A New Planet in the Kepler-159 System From Transit Timing Variations
Chris Fox, Paul Wiegert

TL;DR
This paper reports the discovery of a new non-transiting planet in the Kepler-159 system using transit timing variations, Bayesian inference, and dynamical stability analysis, revealing a resonant 2:1 orbit with existing planets.
Contribution
The study introduces a novel method combining TTV analysis, simulation, and Bayesian inference to detect and characterize a previously unknown non-transiting planet.
Findings
Discovered a new non-transiting planet, Kepler-159d, in the Kepler-159 system.
Predicted a stable 2:1 resonant orbit with Kepler-159c.

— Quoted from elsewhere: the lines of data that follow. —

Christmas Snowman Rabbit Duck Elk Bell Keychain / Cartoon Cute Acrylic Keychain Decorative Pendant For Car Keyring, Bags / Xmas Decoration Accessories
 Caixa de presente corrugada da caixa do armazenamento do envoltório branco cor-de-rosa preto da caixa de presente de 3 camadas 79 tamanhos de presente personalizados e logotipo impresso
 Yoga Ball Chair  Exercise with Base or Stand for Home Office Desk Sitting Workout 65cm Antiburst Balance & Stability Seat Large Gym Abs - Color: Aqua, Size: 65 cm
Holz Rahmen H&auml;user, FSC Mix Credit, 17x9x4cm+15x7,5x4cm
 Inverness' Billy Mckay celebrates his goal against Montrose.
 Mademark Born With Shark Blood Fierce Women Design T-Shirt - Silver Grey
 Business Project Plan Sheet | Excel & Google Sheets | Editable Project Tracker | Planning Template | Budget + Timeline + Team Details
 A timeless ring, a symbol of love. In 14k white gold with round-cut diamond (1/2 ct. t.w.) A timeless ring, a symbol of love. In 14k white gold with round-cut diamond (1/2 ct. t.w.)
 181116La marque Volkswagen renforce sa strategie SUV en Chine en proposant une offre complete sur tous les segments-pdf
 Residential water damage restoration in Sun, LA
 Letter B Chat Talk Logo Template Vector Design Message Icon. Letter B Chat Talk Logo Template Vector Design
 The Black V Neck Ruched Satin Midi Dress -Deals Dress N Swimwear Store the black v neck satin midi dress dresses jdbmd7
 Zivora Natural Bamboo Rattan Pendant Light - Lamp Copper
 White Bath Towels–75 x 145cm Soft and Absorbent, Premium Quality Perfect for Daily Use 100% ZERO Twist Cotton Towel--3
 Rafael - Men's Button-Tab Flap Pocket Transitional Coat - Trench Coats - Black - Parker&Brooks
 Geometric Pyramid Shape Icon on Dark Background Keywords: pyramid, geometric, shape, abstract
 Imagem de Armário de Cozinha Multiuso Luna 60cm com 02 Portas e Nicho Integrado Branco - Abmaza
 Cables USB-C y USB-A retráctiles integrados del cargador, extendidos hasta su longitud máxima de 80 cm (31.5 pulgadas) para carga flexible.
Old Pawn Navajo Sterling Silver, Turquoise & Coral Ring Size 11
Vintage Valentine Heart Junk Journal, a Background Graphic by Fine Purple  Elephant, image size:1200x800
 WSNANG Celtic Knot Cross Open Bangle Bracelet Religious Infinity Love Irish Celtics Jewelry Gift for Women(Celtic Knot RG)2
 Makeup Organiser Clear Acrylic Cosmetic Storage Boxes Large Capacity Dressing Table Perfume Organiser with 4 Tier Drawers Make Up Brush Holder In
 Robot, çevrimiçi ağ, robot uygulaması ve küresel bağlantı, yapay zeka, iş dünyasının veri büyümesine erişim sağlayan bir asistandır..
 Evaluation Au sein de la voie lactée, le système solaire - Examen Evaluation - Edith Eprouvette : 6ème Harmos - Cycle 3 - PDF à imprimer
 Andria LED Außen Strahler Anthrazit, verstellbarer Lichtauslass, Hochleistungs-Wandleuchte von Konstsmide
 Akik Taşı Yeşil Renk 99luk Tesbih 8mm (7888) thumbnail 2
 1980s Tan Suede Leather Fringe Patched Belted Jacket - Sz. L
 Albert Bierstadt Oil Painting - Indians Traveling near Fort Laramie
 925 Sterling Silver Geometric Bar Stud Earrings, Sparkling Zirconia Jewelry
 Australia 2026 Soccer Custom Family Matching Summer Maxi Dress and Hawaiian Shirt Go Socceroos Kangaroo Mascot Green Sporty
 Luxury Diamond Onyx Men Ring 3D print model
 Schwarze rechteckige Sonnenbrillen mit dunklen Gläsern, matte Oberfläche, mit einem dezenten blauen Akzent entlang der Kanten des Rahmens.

Demonstrated the effectiveness of TTV analysis combined with Bayesian methods for exoplanet detection.
Abstract
The Kepler Space Telescope has discovered thousands of planets via the transit method. The transit timing variations of these planets allows us not only to infer the existence of other planets, transiting or not, but to characterize a number of parameters of the system. Using the transit timing variations of the planets Kepler-159b and 159c, the transit simulator TTVFast, and the Bayesian Inference tool MultiNest, we predict a new non-transiting planet, Kepler-159d, in a resonant 2:1 orbit with Kepler-159c. This configuration is dynamically stable on at least 10 Myr time scales, though we note that other less stable, higher-order resonances could also produce similar TTVs during the three-year window Kepler was in operation.